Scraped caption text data
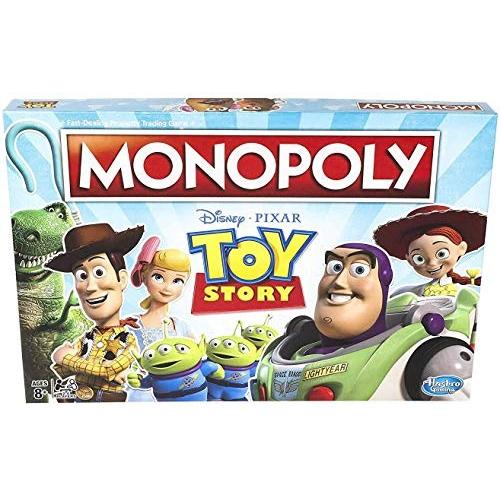 モノポリー ディズニーピクサー トイストーリー ボードゲーム モノポリー ディズニーピクサー トイストーリー ボードゲーム
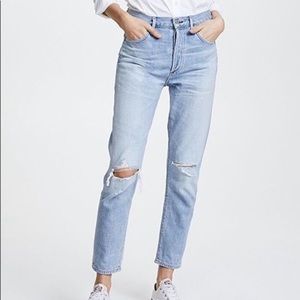 Citizens of Humanity Liya High Rise crop jeans size 28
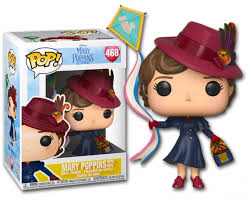 Mary Poppins w/Kite (Mary Poppins Returns) Funko Pop #468
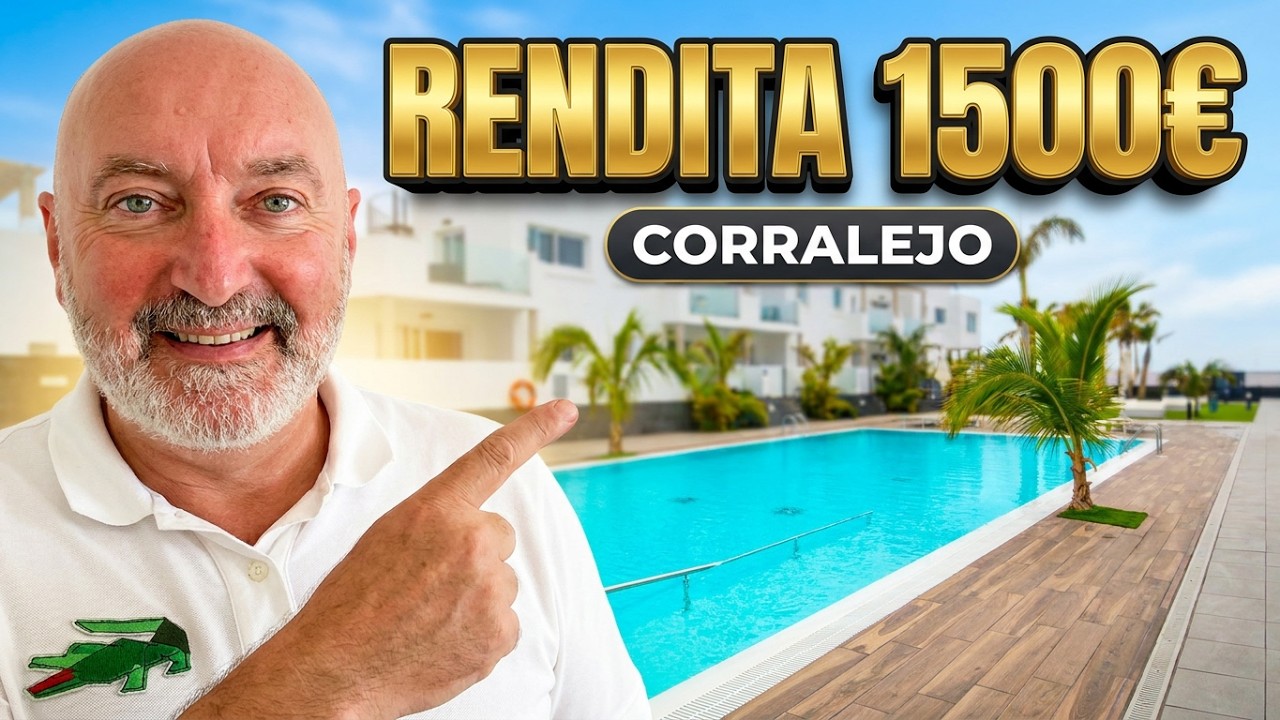 ISLAND HOME #corralejo.Ottimo#investimento!Case in vendita a fuerteventura #goldenhousefuerteventura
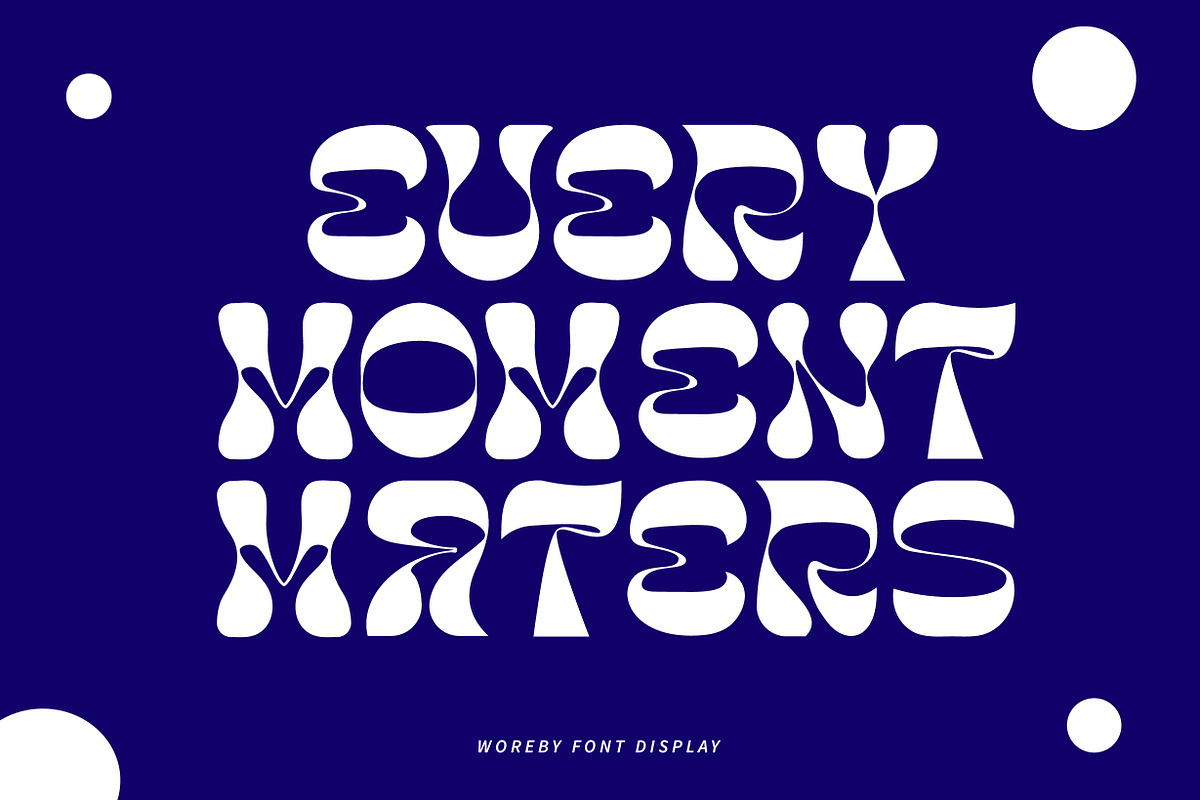 Woreby - Display Font, a Symbol Font by NuType (Photo 5 of 9)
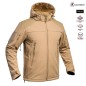 Veste Softshell A10 Militaire – Couleur Sable / Coyote Veste Softshell A10 Militaire – Couleur Sable / Coyote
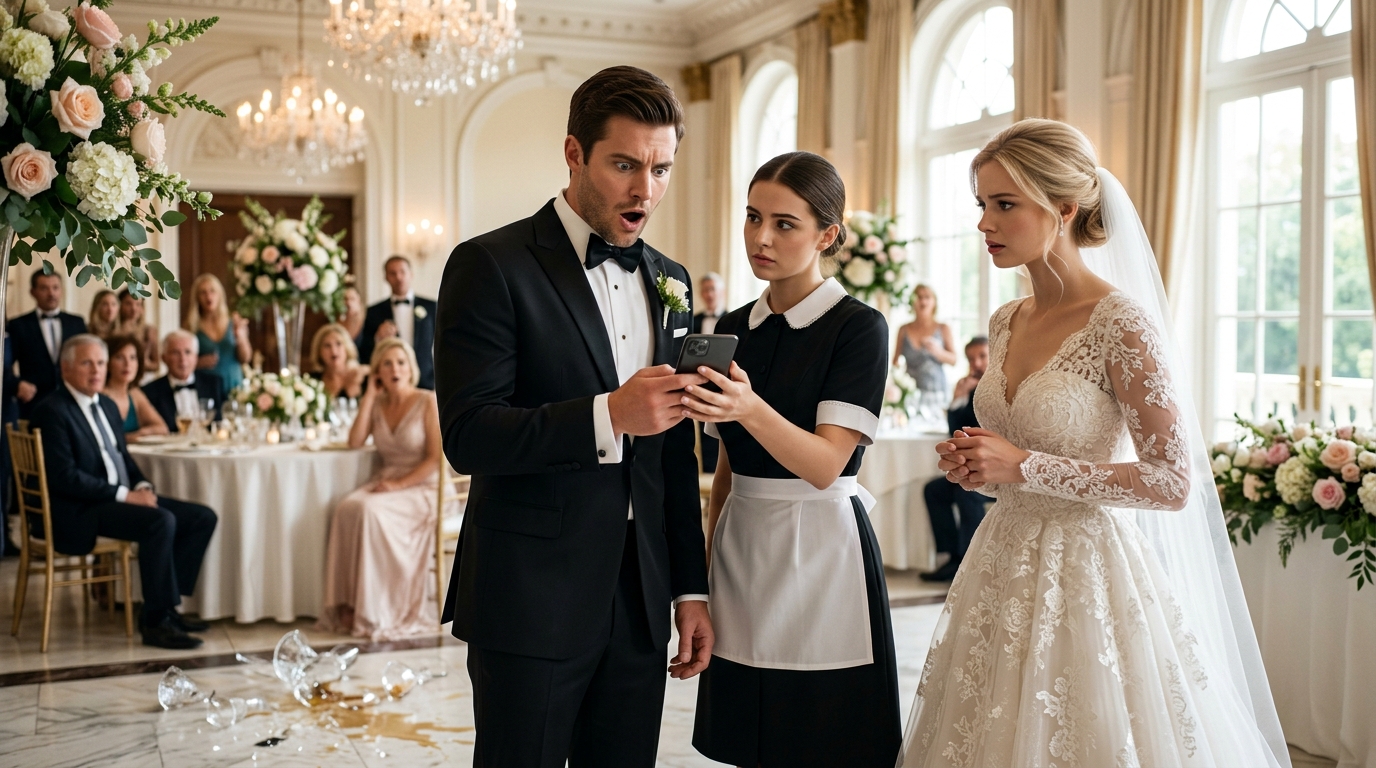 The Wedding Drink That Exposed a Terrible Secret
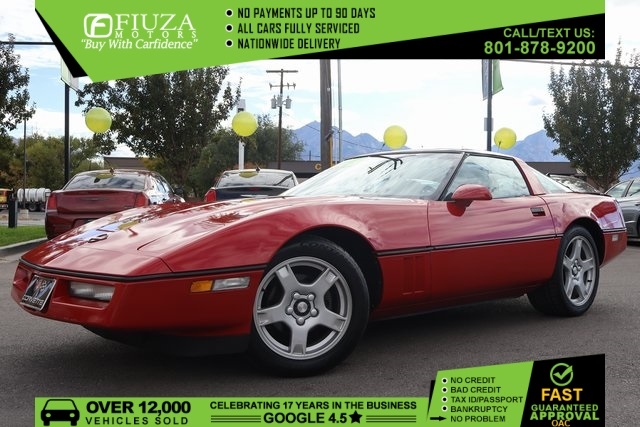 1984 Chevrolet Corvette Base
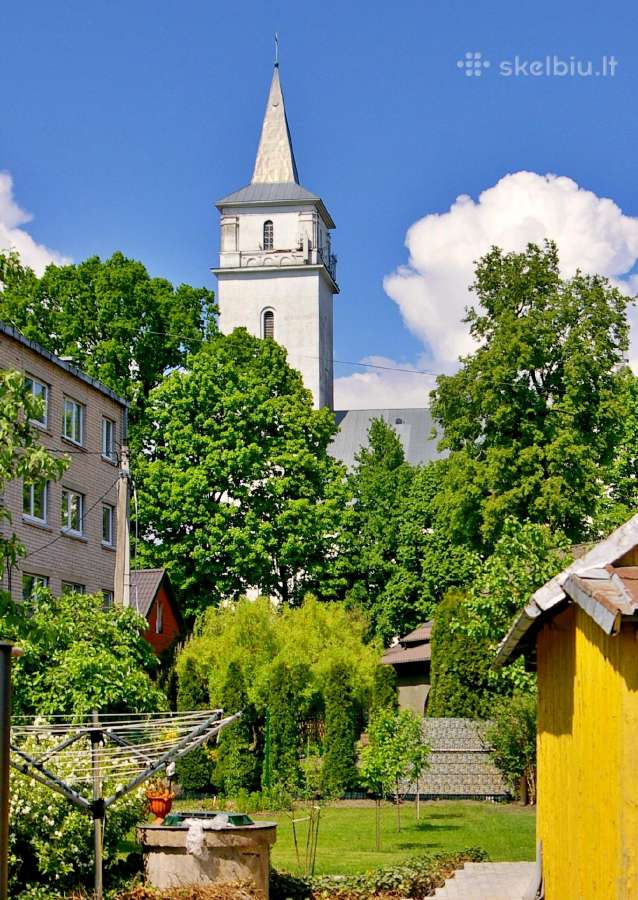 Tvarkingas namas Viekšnių centre - nuotraukos Nr. 33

- [EXERCISE INSTRUCTIONS]: Your copy of the data should match it exactly, apart from the images, which are omitted.

- [REPLY]:
 モノポリー ディズニーピクサー トイストーリー ボードゲーム モノポリー ディズニーピクサー トイストーリー ボードゲーム
 Citizens of Humanity Liya High Rise crop jeans size 28
 Mary Poppins w/Kite (Mary Poppins Returns) Funko Pop #468
 ISLAND HOME #corralejo.Ottimo#investimento!Case in vendita a fuerteventura #goldenhousefuerteventura
 Woreby - Display Font, a Symbol Font by NuType (Photo 5 of 9)
 Veste Softshell A10 Militaire – Couleur Sable / Coyote Veste Softshell A10 Militaire – Couleur Sable / Coyote
 The Wedding Drink That Exposed a Terrible Secret
 1984 Chevrolet Corvette Base
 Tvarkingas namas Viekšnių centre - nuotraukos Nr. 33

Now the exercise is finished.